= Input data =

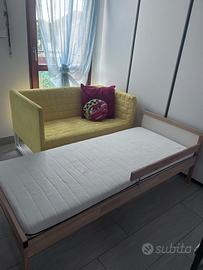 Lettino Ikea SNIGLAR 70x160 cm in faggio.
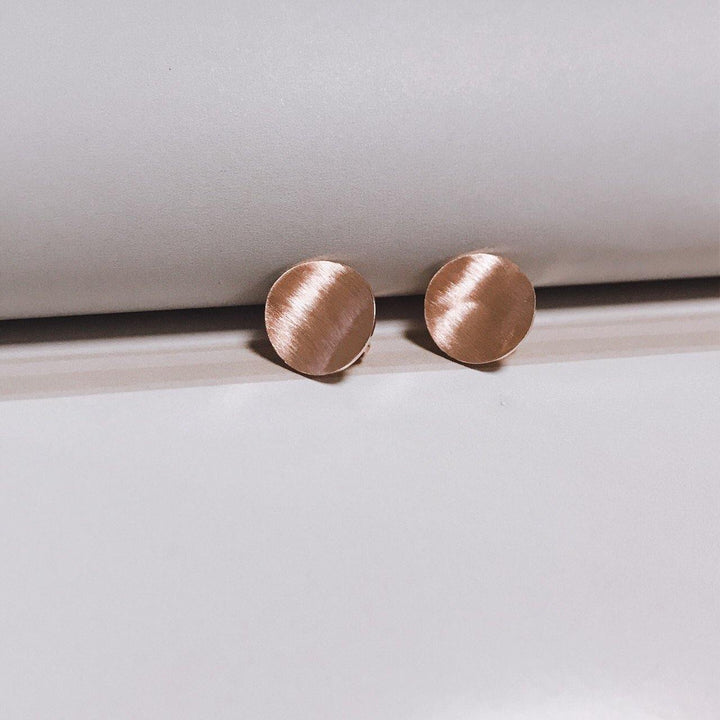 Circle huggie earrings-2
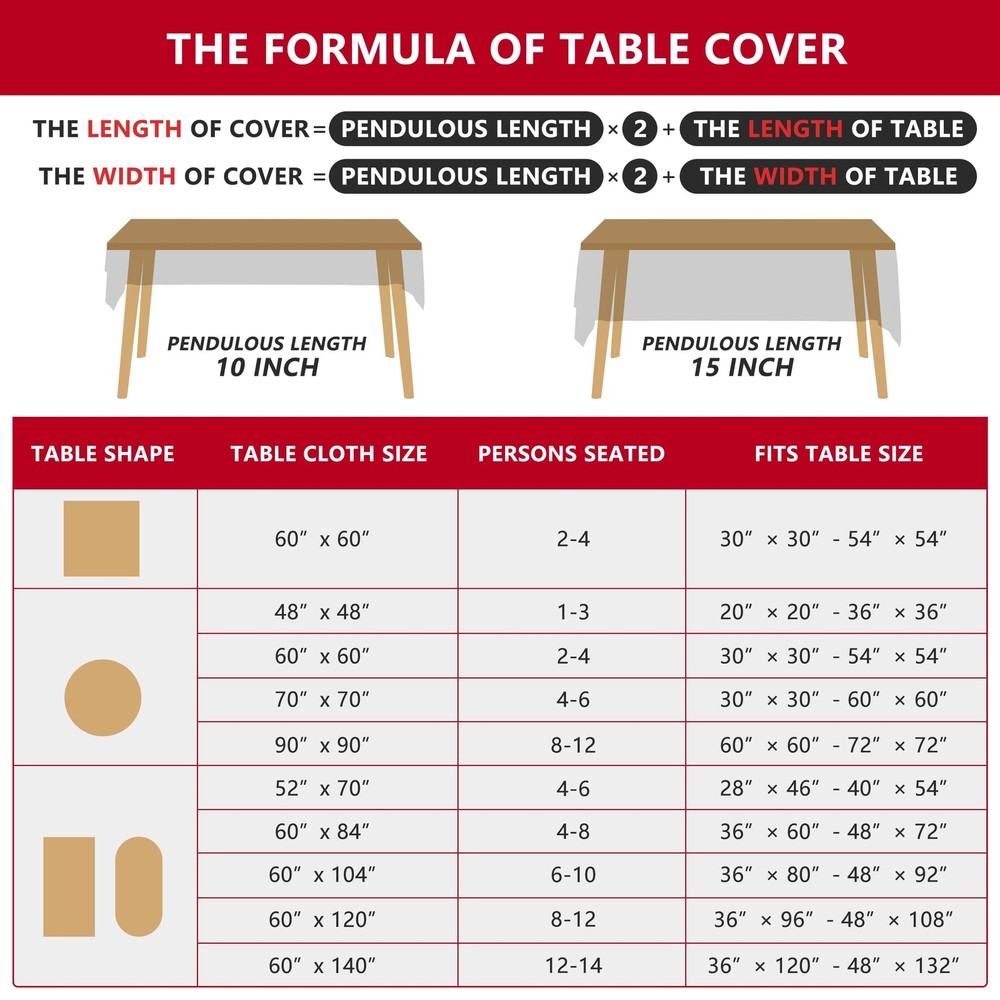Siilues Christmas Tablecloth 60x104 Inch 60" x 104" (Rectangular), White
==
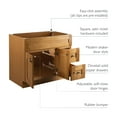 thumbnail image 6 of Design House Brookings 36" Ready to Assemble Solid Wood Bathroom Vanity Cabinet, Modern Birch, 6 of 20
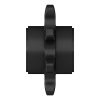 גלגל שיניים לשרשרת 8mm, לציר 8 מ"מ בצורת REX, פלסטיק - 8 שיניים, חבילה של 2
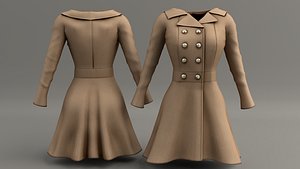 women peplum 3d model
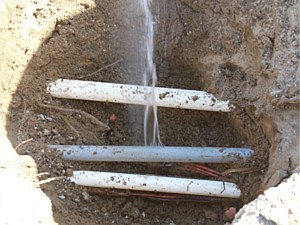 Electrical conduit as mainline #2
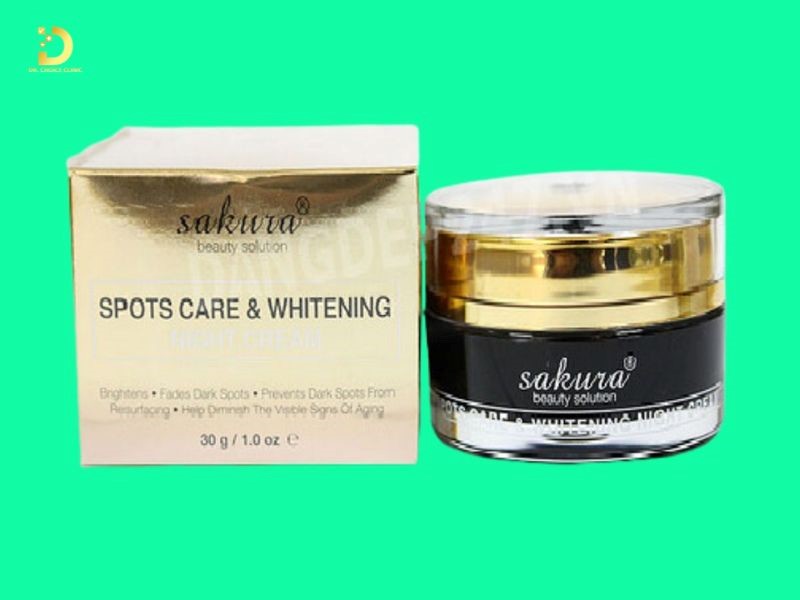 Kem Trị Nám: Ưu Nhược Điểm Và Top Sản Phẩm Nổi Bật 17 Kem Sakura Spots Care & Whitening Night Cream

= Exercise prompt =
Look above for the line containing "women peplum 3d model", then copy exactly from it through the line containing "Kem Trị Nám: Ưu", keeping both and leaving out pictures. Add nothing else.

= Solution to the exercise =
 women peplum 3d model
 Electrical conduit as mainline #2
 Kem Trị Nám: Ưu Nhược Điểm Và Top Sản Phẩm Nổi Bật 17 Kem Sakura Spots Care & Whitening Night Cream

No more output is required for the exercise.